Quiz Answer Key and Fun Facts
1. First a question on terminology. What is the proper term for the Vatican's act of recognising someone as a saint?
2. I was born in 1910 in Skopje (now in Macedonia), but I lived in Calcutta, India from the age of 18. I left my convent to work for the poor in Calcutta where I started the Missionaries of Charity and The House of the Dying. I received the Nobel Peace Prize in 1979, and I died in 1997. People all over the world continue the work I began with the Missionaries of Charity.
3. I might be Australia's first saint. I was born in Melbourne in 1842, and moved to Penola to start teaching poor children without charge. I wanted to become a nun, but couldn't find an order that suited me, so I started the Sisters of St. Joseph (the Brown Josephites), who live in poverty and work for the poor. Josephites went on to teach in schools all over Australia, New Zealand and Peru.
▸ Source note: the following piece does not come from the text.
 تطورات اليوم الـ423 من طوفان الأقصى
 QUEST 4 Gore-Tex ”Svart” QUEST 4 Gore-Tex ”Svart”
4. I was born in Belgium in 1840. I volunteered to work on the island of Molokai, a colony of condemned lepers in Hawaii. There I looked after the daily needs of many people suffering from leprosy and worked to improve access to health care. I eventually contracted leprosy myself, and died in 1889.
5. I was archbishop of El Salvador during the violence of the 1970s. I took a stand against the government at the time, and publicly denounced their support of the violence that was destroying many lives in El Salvador. I even petitioned President Carter to stop giving military aid. The other bishops of El Salvador did not support me. I was assassinated in 1980; it is still not known who killed me.
6. Many popes become saints. Which of these has not been nominated for Sainthood?
7. I may be the first Native North American saint. I was born in 1656 and my father was a Mohawk chief. I was baptised by French missionaries. After this I travelled to Montreal to live on a French mission, and lived a quiet and prayerful life until my death in 1680.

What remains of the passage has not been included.